====== Data section ======

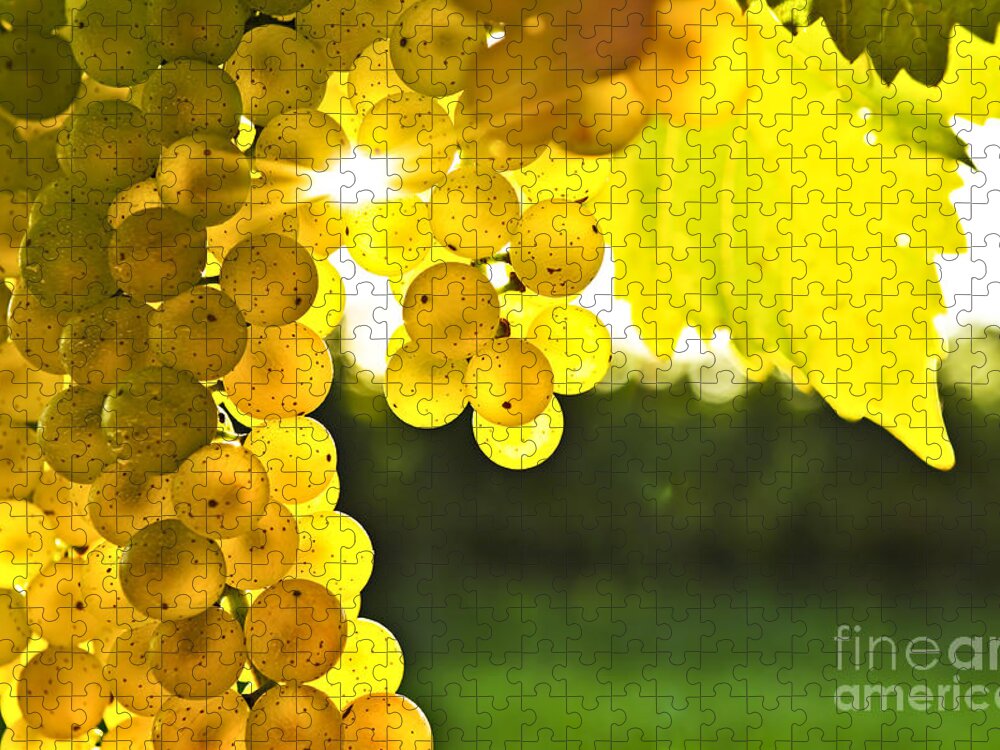 Grape Jigsaw Puzzle featuring the photograph Yellow grapes in low sun by Elena Elisseeva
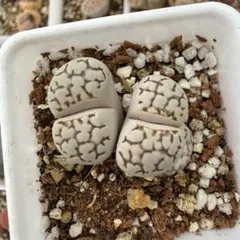 多肉植物 リトープス c147 英留玉 鉢のまま - メルカリ
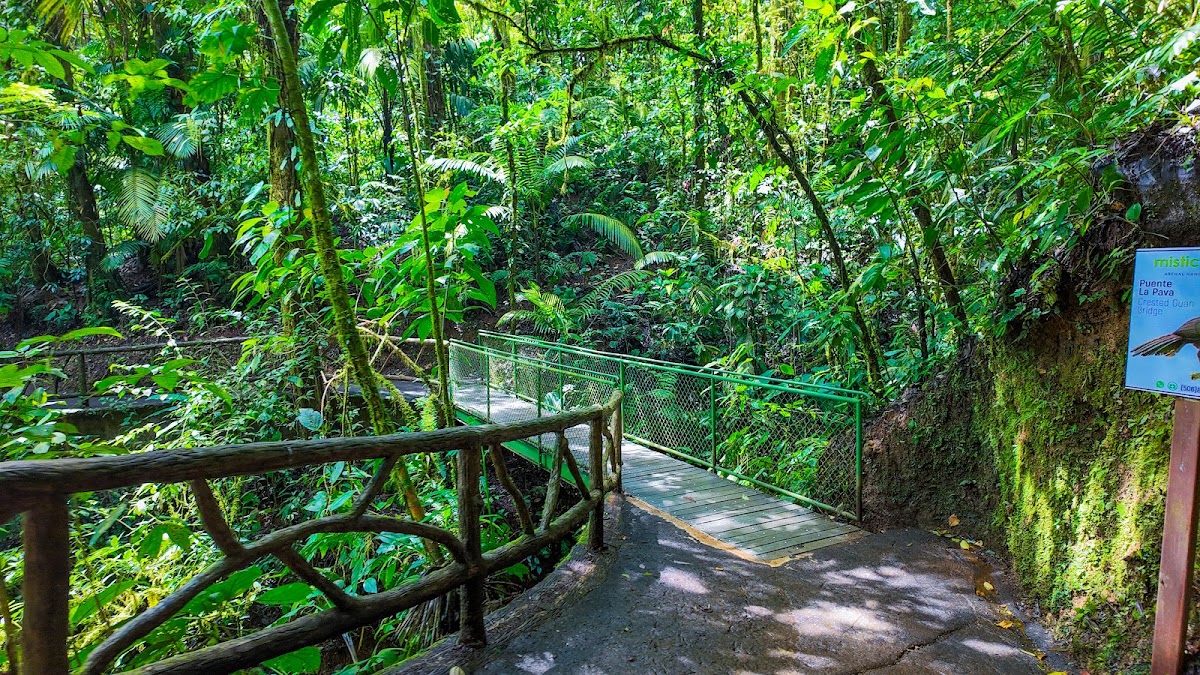 Puentes Colgantes Arenal, Mistico Park - photo 2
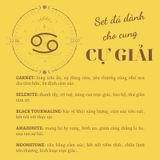  Set đá may mắn cho Cự Giải, đá thạch anh, đá thanh tẩy bài Tarot, đá phong thuỷ 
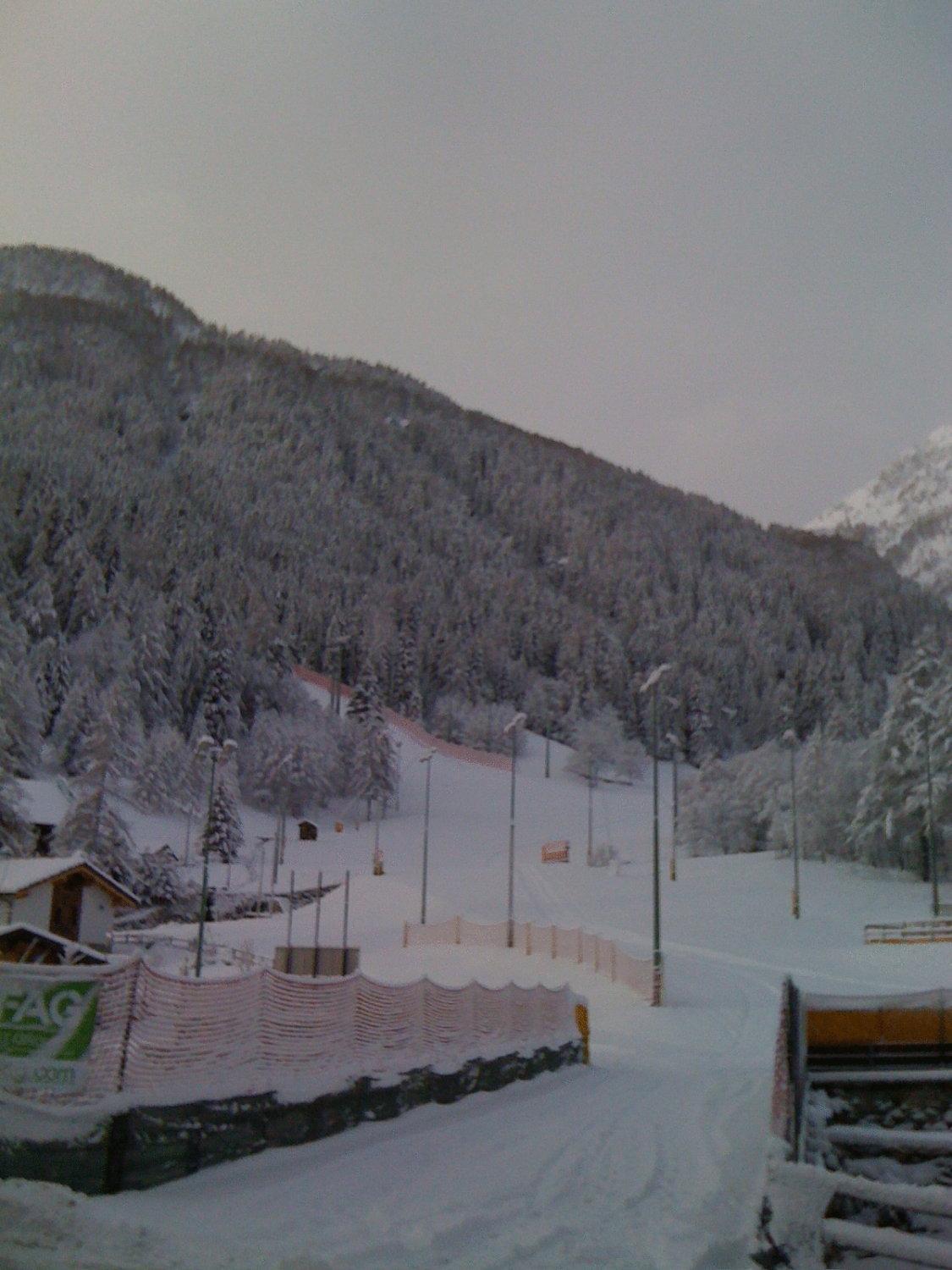 Albergo Alpenrose Ski&Bike Mountain Hotel Gressoney-Saint-Jean Luaran gambar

======

What you will do => After removing the pictures, restate the whole listing above word for word.

Your solution =>
 Grape Jigsaw Puzzle featuring the photograph Yellow grapes in low sun by Elena Elisseeva
 多肉植物 リトープス c147 英留玉 鉢のまま - メルカリ
 Puentes Colgantes Arenal, Mistico Park - photo 2
  Set đá may mắn cho Cự Giải, đá thạch anh, đá thanh tẩy bài Tarot, đá phong thuỷ 
 Albergo Alpenrose Ski&Bike Mountain Hotel Gressoney-Saint-Jean Luaran gambar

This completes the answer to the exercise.